The Tharaka community from the foothills of Mount Kenya are the first in Africa to create Life Plans, as part of an eco-cultural mapping methodology learnt from the Colombian Amazon. When The Gaia Foundation‘s roots were forming in the 1980s, Indigenous people were dreaming of ways of illustrating their holistic relationship with their Amazonian territory, leading to their recognition as stewards of eighteen million hectares. Their journey has been shared by Gaia with the African Earth Jurisprudence Collective over the years, leading to joyous eco-cultural mapping processes in South Africa, Uganda, Zimbabwe, and Kenya.
Seeds are first sown in elder-centred dialogues, where pre-colonial memories are recalled through slow, gentle sharing. When their ancestral knowledge and practices are coming back to life, the community create an eco-cultural map of their past: a participatory way for the community to consolidate their wisdom. As pictures bring their ancestral territory back to life, more memories are triggered, and their map of the past becomes a baseline. An eco-cultural map of the present follows, charting the disorder initiated by colonialism and all that has followed. Finally, an eco-cultural map of the future captures a collective vision – informed by the map of the present and inspired by the map of the past – for a world in which the autonomy, abundance, and health of Tharaka’s humans and more-than-humans is restored.


These maps of the territory in space are accompanied by maps of the territory in time. Seasonal calendars track the community’s shared consciousness of change as their world turns through the year, including constellations, weather, moon cycles, changes in the landscape and signs for when to plant, harvest, hunt, forage and initiate rituals.
Having united around their eco-cultural maps and calendars, communities develop Life Plans: asserting with confidence how they will build on what they are already doing to reach their map of the future, and leave a legacy of biocultural revival for the next generation beyond their lifetime. In Tharaka, clans gathered to draw these Life Plans over the course of a week. What emerged was their own ‘River of Life’, inspired by the Kithino River they live alongside.

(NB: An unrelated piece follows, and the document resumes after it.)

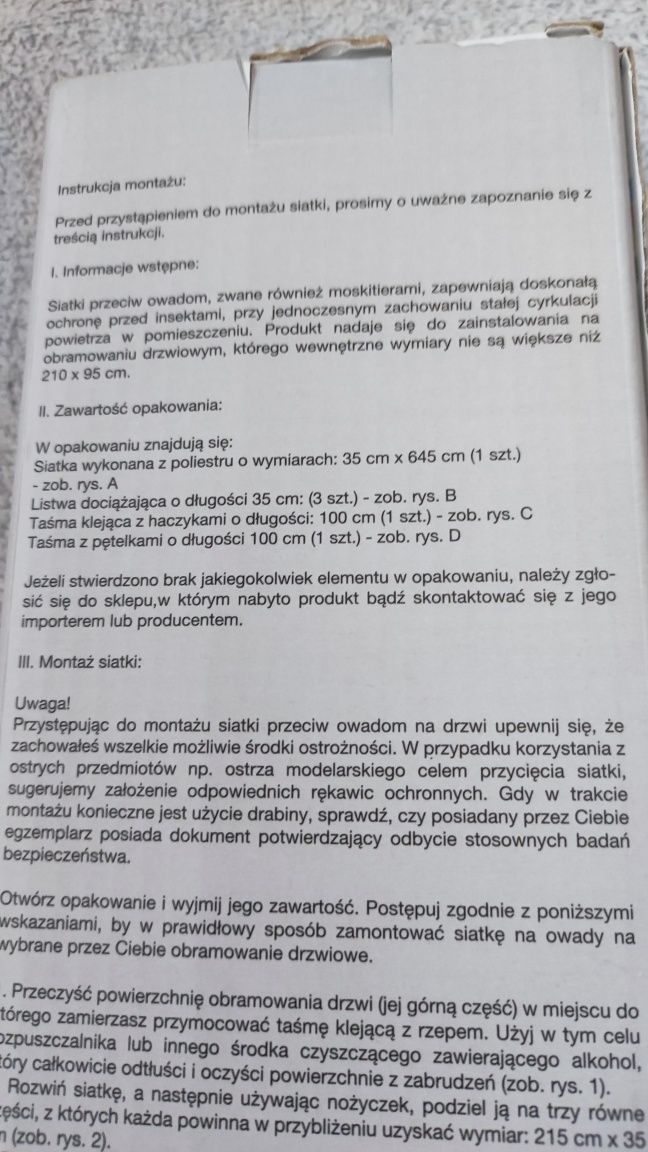 Siatka biała na drzwi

Into this River of Life flow streams of specific work, including the revival of indigenous seed diversity, traditional grazing, customary crafts, sacred natural sites and rituals, eco-centred governance, and intergenerational learning. The river would be empty without these streams, just as the streams would come to nothing without flowing into the wider river: distinct but interdependent areas of revival, weaving together to bring Indigenous Peoples’ complex cultural and ecological systems back from the brink of extinction.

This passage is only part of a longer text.